そのあたりの所を考えてみると、以前はネガティブなことを書くことによって自分の中の毒を出してすっきりするというデトックス的な、ある意味での「癒し」的な効果が自分の中にあったのだけど、今ではむしろネガティブなものが付着してしまう鬱陶しい感じになっていたのだと思う。

野口整体ではからだを働かせる(緊める)ことと休ませる(弛める)ことを考える。まあこれは何でも緊張と弛緩のリズムが大切だという話ではあるが、朝は本来は、というか私のようなタイプの人間は、ということかもしれないが、活動の時間だと思うし、本来はさっと緊めて仕事に取り掛かるというふうにしたい。しかし前の日までの毒や疲れが残っていてすぐには動けない、というときならデトックス的な、癒し的なことをやることで少しは動きやすくなる、ということもあったのだなと思う。だから基本的に朝の気分がポジティブになってきているならそこで何もネガティブなものをはさむ必要はないわけで、元気がみなぎるようなこと、希望に満ちたことを書いてもいい、書けばいいのだなと思った。

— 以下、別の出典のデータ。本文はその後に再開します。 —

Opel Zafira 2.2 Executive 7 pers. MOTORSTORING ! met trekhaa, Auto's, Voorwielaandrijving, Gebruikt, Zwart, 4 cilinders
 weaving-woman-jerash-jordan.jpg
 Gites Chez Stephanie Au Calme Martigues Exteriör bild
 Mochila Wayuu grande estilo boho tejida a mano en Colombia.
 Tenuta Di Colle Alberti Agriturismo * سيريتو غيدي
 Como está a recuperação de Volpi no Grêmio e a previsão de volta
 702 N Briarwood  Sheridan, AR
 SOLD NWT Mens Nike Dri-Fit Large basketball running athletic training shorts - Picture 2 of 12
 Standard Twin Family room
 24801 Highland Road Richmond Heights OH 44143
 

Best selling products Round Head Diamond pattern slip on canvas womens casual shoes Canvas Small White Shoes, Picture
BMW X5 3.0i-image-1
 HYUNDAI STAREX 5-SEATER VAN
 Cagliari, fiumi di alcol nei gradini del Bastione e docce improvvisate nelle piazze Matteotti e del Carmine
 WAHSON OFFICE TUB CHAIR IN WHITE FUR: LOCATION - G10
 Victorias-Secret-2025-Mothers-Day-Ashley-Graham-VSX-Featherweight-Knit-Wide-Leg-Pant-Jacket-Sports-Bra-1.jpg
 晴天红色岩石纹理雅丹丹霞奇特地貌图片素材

今までの自分のモーニングページの使い方を考えてみると、ぼーっとした幽明境にある頭の中を書きしるしたり、出来れば自動書記的に何かを書くとかを一つの理想とイメージしていた部分がある。自分はこうしたい、ということを悲壮感をみなぎらせて決意を書く、というものではないけれども、ポジティブなこともやれそうなことも思ったことを気楽に書けばいい。

そういう意味では、ポジティブなこと、やれそうなことを書いてしまうとやらなければいけなくなってしまう、ということを無意識に恐れる気持ちがあるんだな、ということにも気づいた。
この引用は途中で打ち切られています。